Finnegan’s incredibly competitive $7,500 Goldwater scholarship is awarded to college sophomores and juniors who intend to pursue research careers in the natural sciences, mathematics and engineering, and is given to fewer than 10 percent of students who even qualify for the rigorous application process.
Finnegan, a native of Grangeville, Idaho, who will complete a research project this summer exploring how rising carbon dioxide levels may change the swimming mechanics of rainbow trout, said she was honored by the Goldwater award, and surprised.
“Then I was overwhelmed with gratitude,” she says, “both for the scholarship itself and for everyone who helped make it possible.”
Askerooth, a native of Haleiwa, Hawaii, was among five students from Western who were awarded a NOAA Hollings Scholarship last spring, when she also received an honorable mention for the Udall award.

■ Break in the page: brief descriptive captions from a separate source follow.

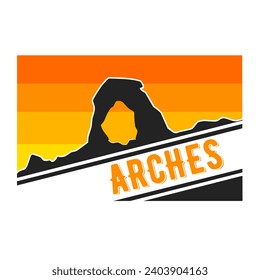 vector of arches national park in sunset design perfect for print, etc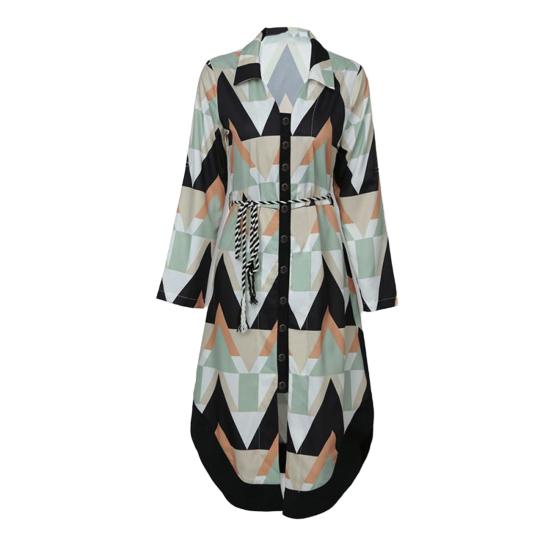 Women's Button Down V-Neck Midi Dress Long Sleeve Lace-Up Printed Dress Summer Casual Outfit for Daily Wear Vacation Club Cocktail Party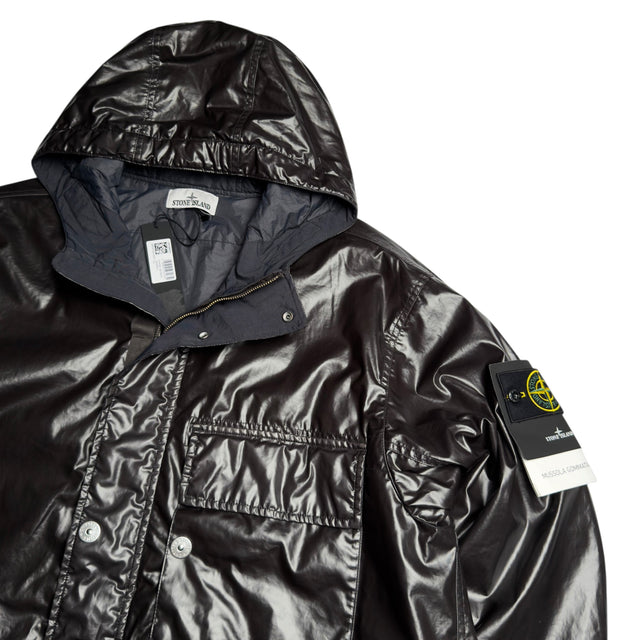 S/S 25 Stone Island Mussola Gommata TC Hooded Parka - Charcoal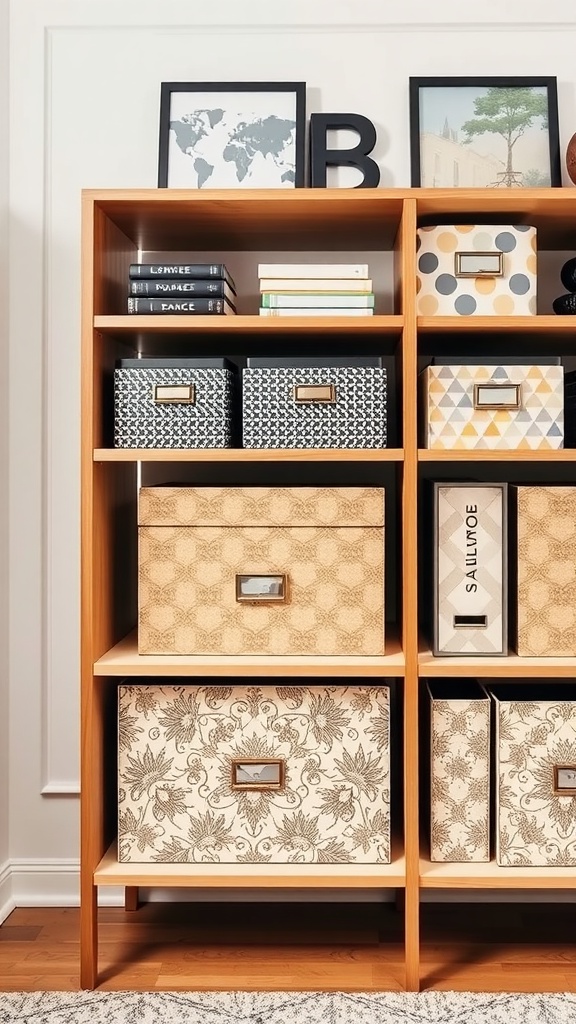 A stylish bookshelf with decorative storage boxes and books in a cozy home office.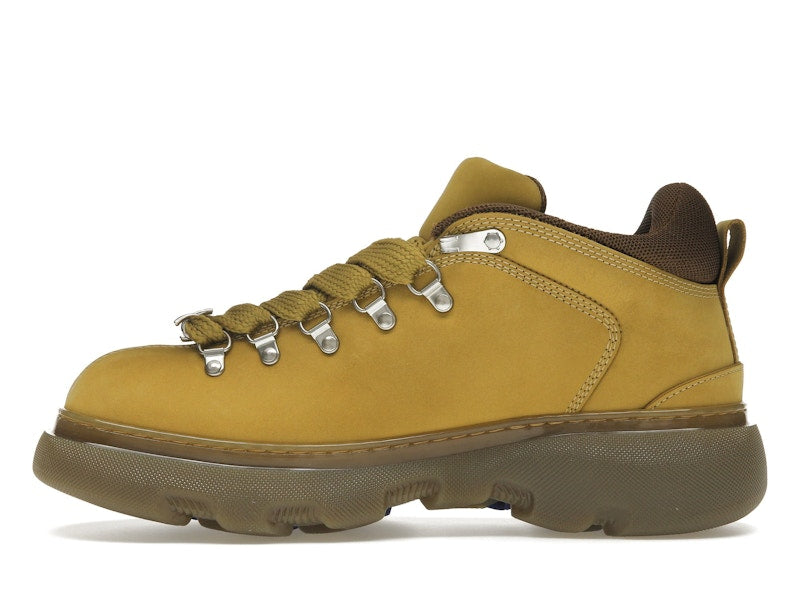 Burberry Lace Up Leather Ankle Boot Mustard Yellow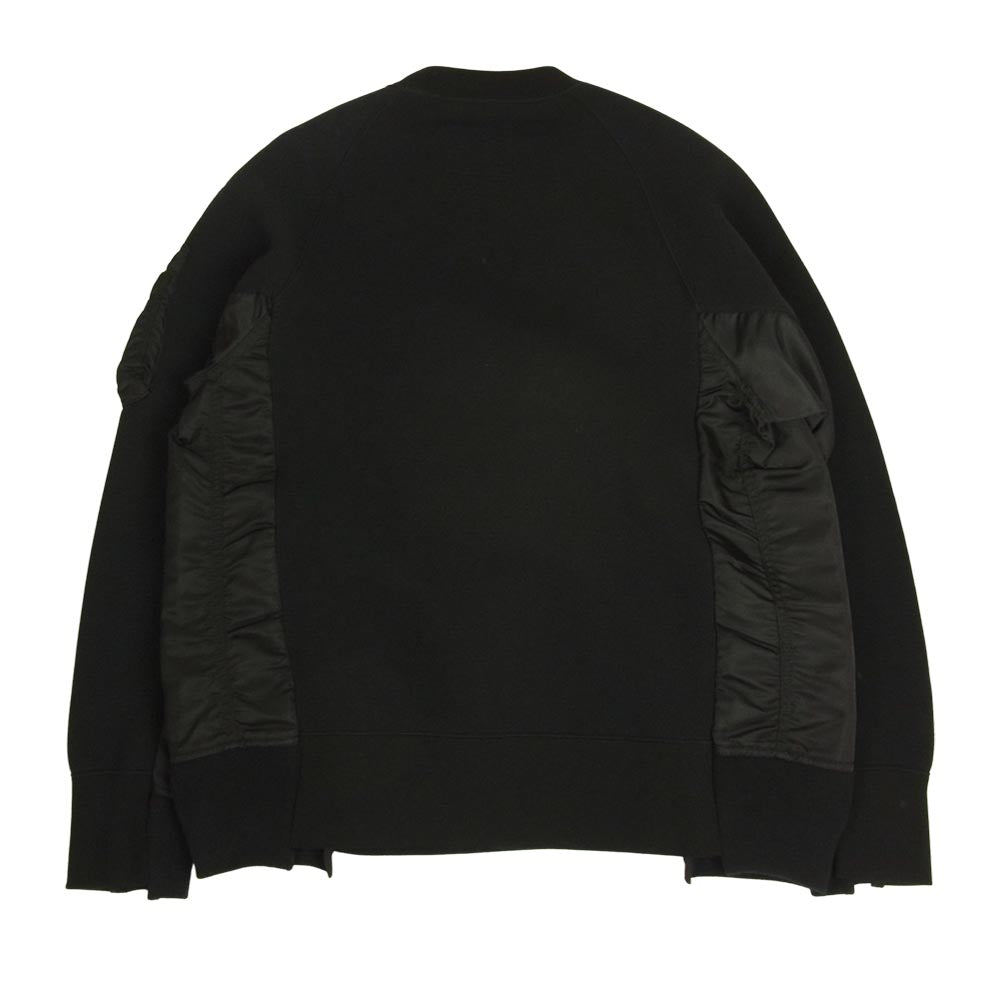 Sacai サカイ 19AW SCM-032 Sponge Sweat Ma-1 Pullover スポンジ ドッキング プルオーバー ネイビー系 2【美品】【中古】
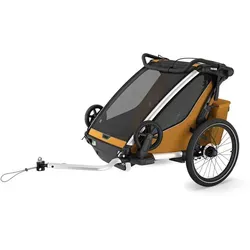 Thule Chariot Sport 2 Double 2025 – Multifunktionaler Fahrradanhänger - Fahrradanhänger für aktive Familien, ideal für Radfahren, Joggen und Spazieren. Mit hochsichtbarer LED-Beleuchtung und ergonomischem Sitz für ultimativen Komfort.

So she knew the $7,000 scholarship, awarded to college sophomores and juniors who show public service, leadership, and commitment to issues related to Native American nations or the environment, was within reach.
Associate Professor of Environmental Sciences Jim Helfield, who wrote a letter in support of Askerooth’s application, said he was not surprised by her success.
“It gives me great comfort to know that she is one of the people who will be working on solutions for our environmental problems in the future,” Helfield says.
Askerooth said her upcoming senior year will be a busy one, and while graduate school looms she knows her focus will remain rooted in environmental stewardship.
“I definitely want to keep working on issues related to natural resource management, such as working to preserve native or endangered species in Washington or elsewhere along the coast,” she said.